- **DATA**
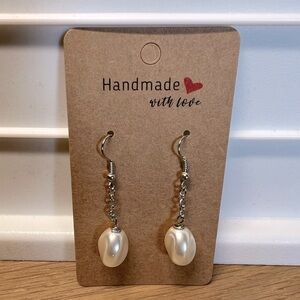 Faux Pearl Curvy Glass Bead Dangle Earrings ⚪️✨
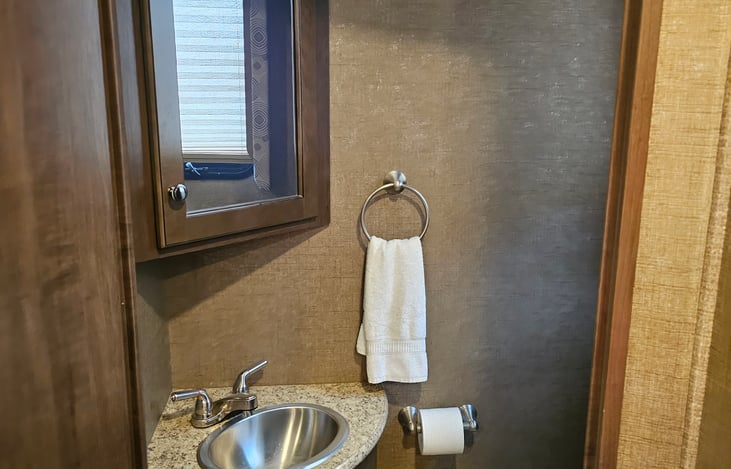 1/2 bath in main bathroom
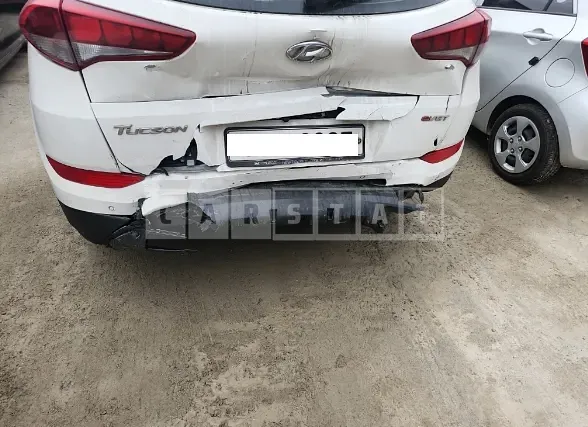 Photo 2 of 25: 2017 Hyundai Tucson, VIN KMHJ3815GHU457074 — Korean insurance auction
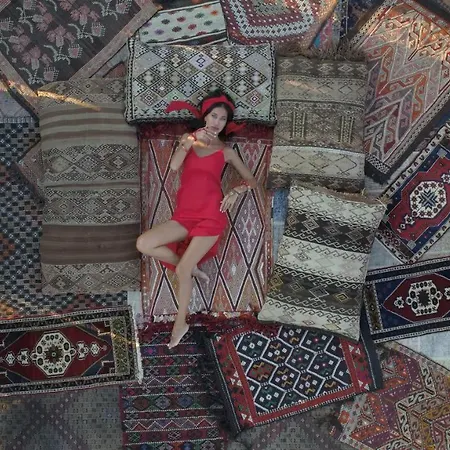 فندق Palace Cave 2*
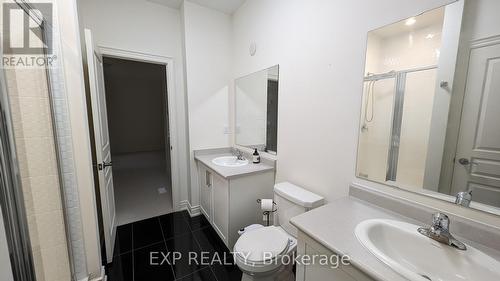 Upper - 10 Goderich Drive, Brampton, ON - Indoor Photo Showing Bathroom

- **EXERCISE REQUIREMENTS**
Omitting the pictures, write out the material above exactly as it stands.

- **EXERCISE SOLUTION**
 Faux Pearl Curvy Glass Bead Dangle Earrings ⚪️✨
 1/2 bath in main bathroom
 Photo 2 of 25: 2017 Hyundai Tucson, VIN KMHJ3815GHU457074 — Korean insurance auction
 فندق Palace Cave 2*
 Upper - 10 Goderich Drive, Brampton, ON - Indoor Photo Showing Bathroom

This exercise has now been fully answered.